| SOURCE DATA |
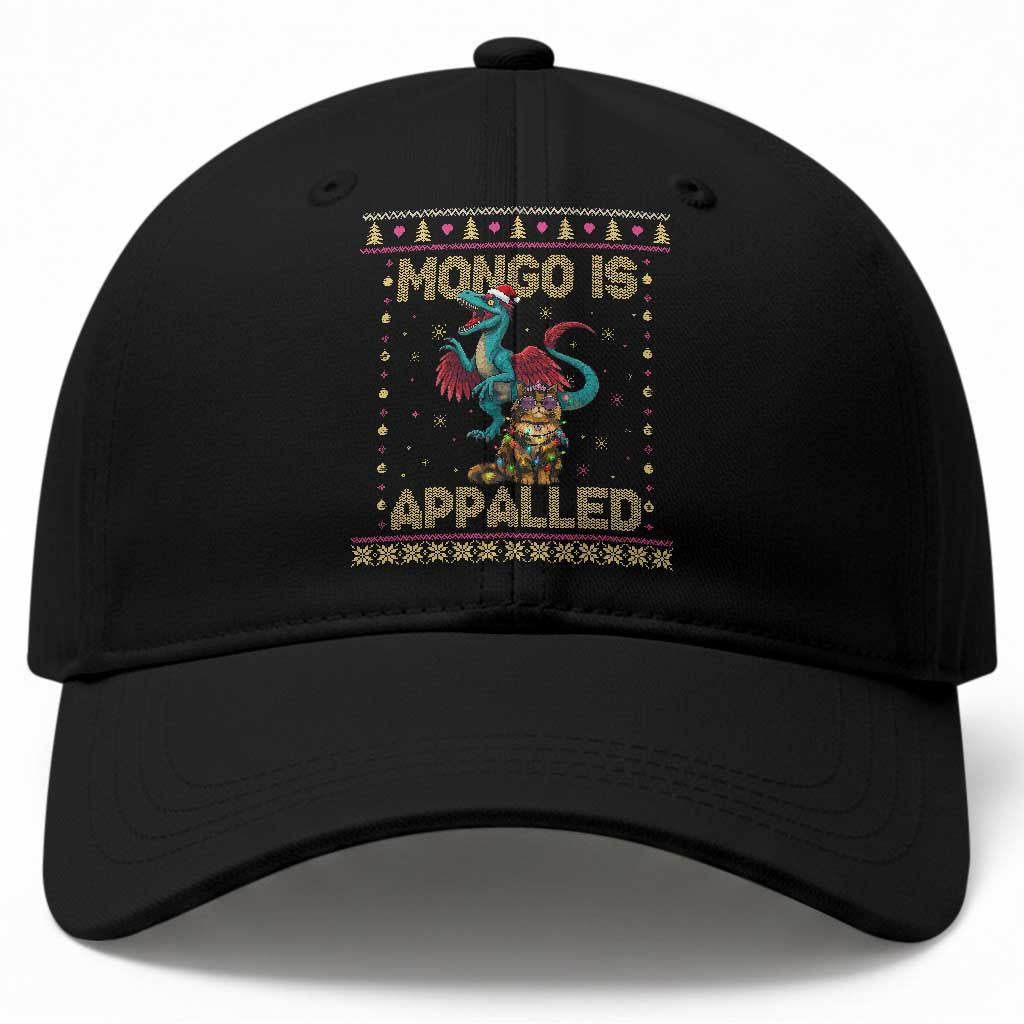Mongo Is Appalled Princess Cat And Raptor Baseball Cap Ugly Christmas Sweater Holiday Gift
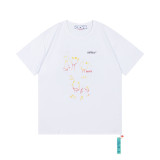 Off White Graffiti Arrow Print Short Sleeve Unisex Cotton Loose T-shirt
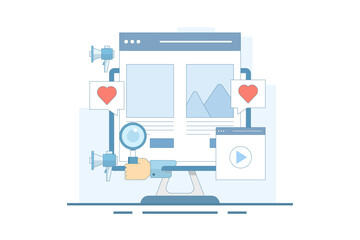 Website Marketing Concept, Digital marketing strategy, Promoting website in search engines and social media, SEO, Social media marketing, flat vector illustration on background.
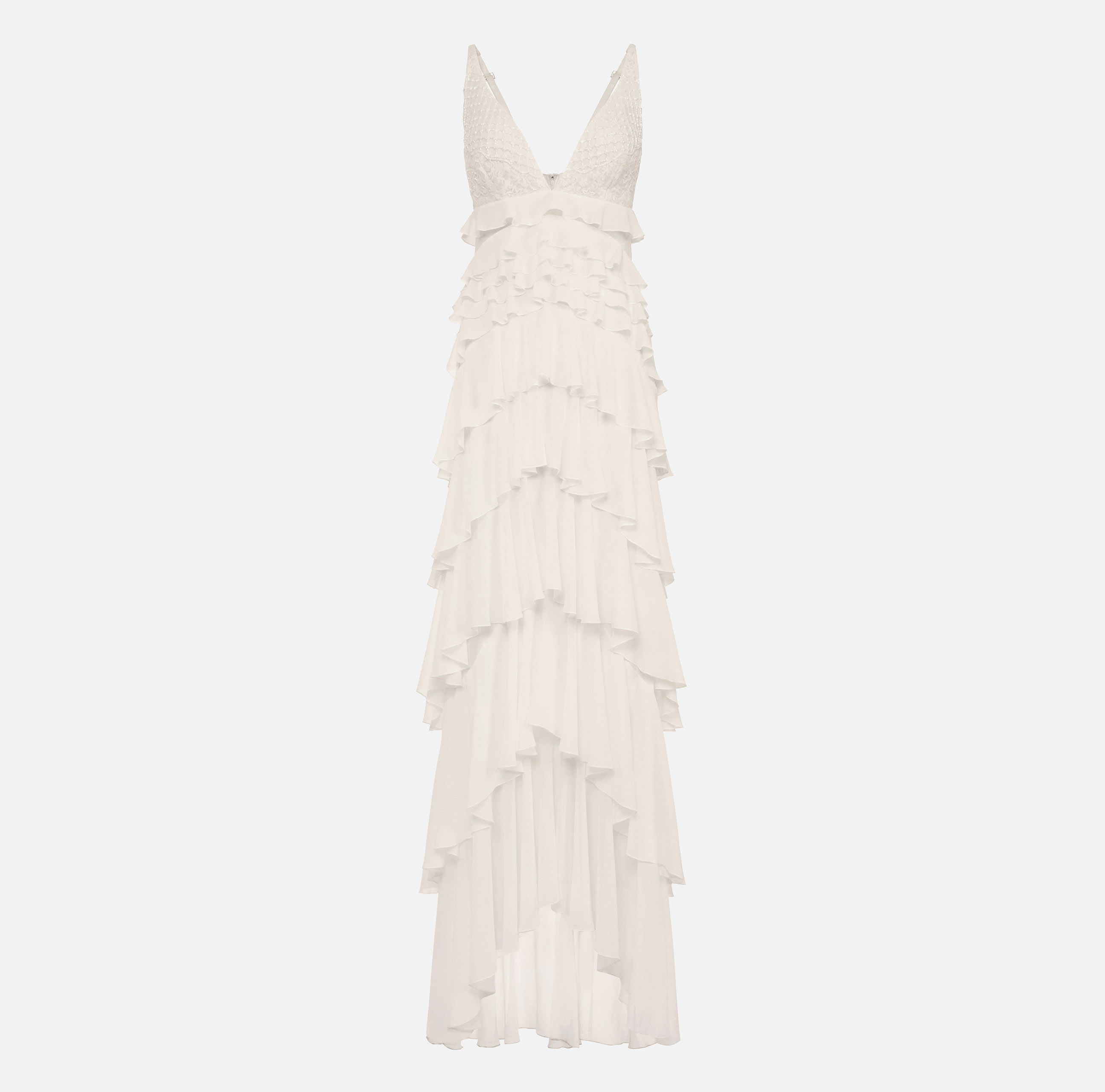 elisabetta franchi Robe Red Carpet en georgette avec volants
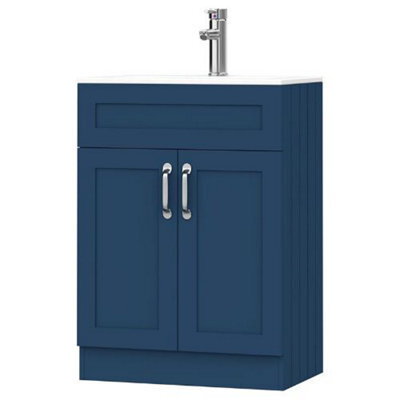 Belofay 600mm Bathroom Vanity Units With Basin With White Ceramic Bathroom Sink Soft Close Hinges & 1 Tap Hole (Crawley Blue) - image 1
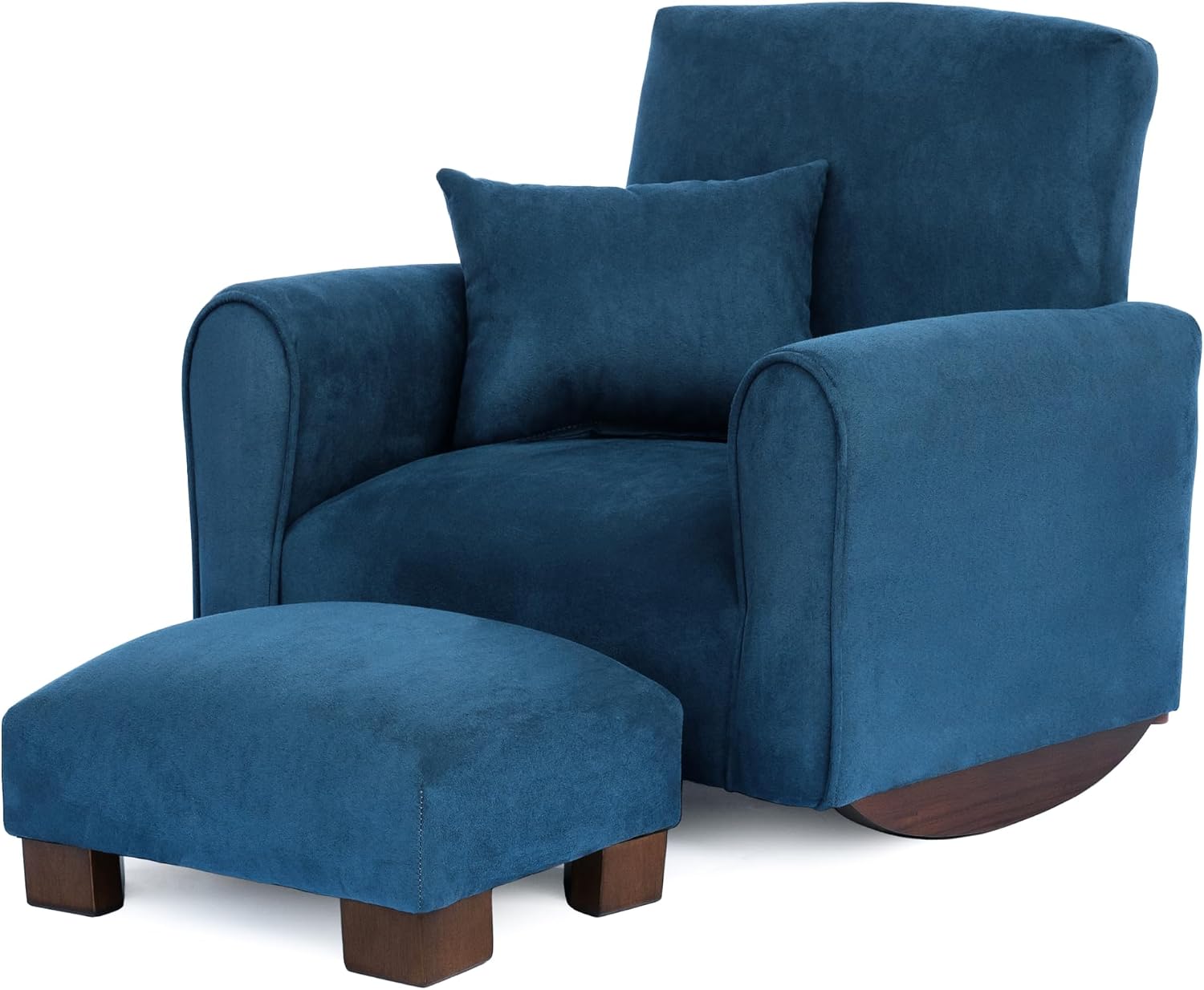 Toddler Personalized Armchair, Kids Upholstered Rocking Chair with Personalization, Toddler Chair with Personalized Name, Comfy Child Armchair, (Navy Suede, Rockers)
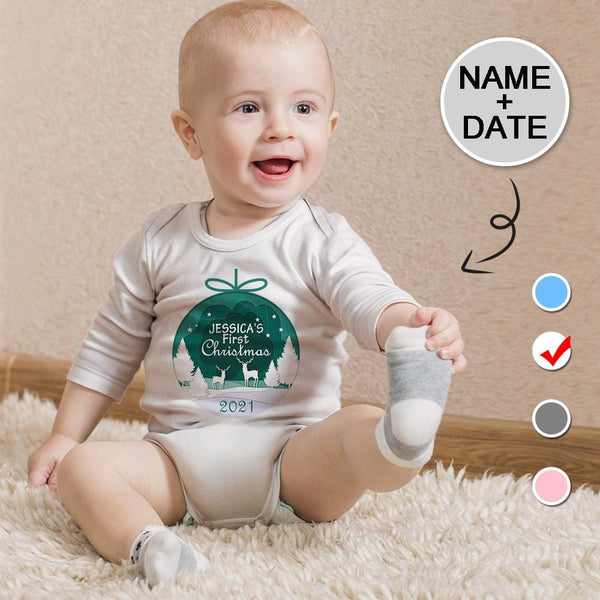 FacePajamas Baby Pajama 3 MONTHS / White Custom Name&Date Christmas Crystal Ball Infant Bodysuit One Piece Jumpsuit Personalized Long Sleeve Rompers Baby Clothes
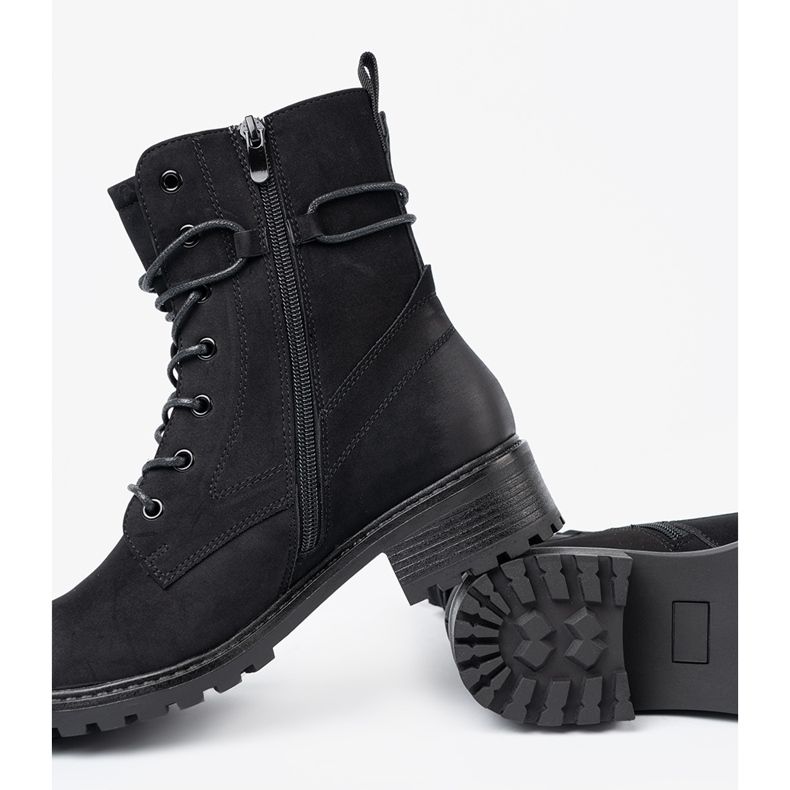 Shelvt Fashionabla svarta arbetare med dekorativ snörning 2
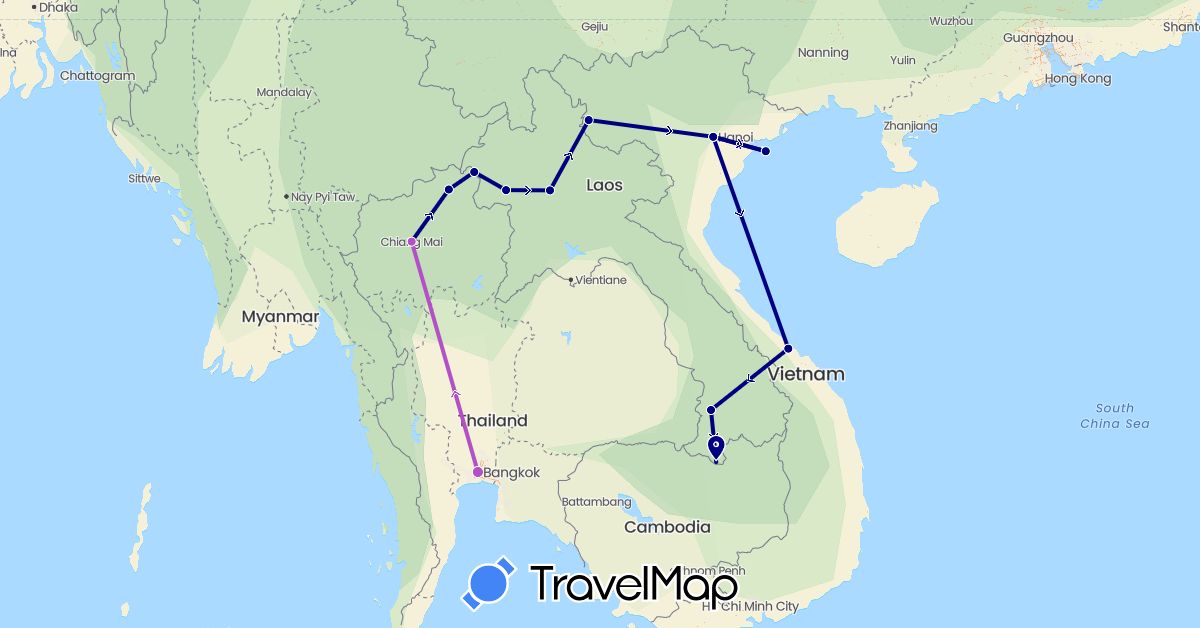 TravelMap itinerary: driving, train in Laos, Thailand, Vietnam (Asia)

| WHAT NEEDS TO BE DONE |
Set down every entry exactly; omit the pictures.

| EXERCISE OUTPUT |
Mongo Is Appalled Princess Cat And Raptor Baseball Cap Ugly Christmas Sweater Holiday Gift
 Off White Graffiti Arrow Print Short Sleeve Unisex Cotton Loose T-shirt
 Website Marketing Concept, Digital marketing strategy, Promoting website in search engines and social media, SEO, Social media marketing, flat vector illustration on background.
 elisabetta franchi Robe Red Carpet en georgette avec volants
 Belofay 600mm Bathroom Vanity Units With Basin With White Ceramic Bathroom Sink Soft Close Hinges & 1 Tap Hole (Crawley Blue) - image 1
 Toddler Personalized Armchair, Kids Upholstered Rocking Chair with Personalization, Toddler Chair with Personalized Name, Comfy Child Armchair, (Navy Suede, Rockers)
 FacePajamas Baby Pajama 3 MONTHS / White Custom Name&Date Christmas Crystal Ball Infant Bodysuit One Piece Jumpsuit Personalized Long Sleeve Rompers Baby Clothes
 Shelvt Fashionabla svarta arbetare med dekorativ snörning 2
 TravelMap itinerary: driving, train in Laos, Thailand, Vietnam (Asia)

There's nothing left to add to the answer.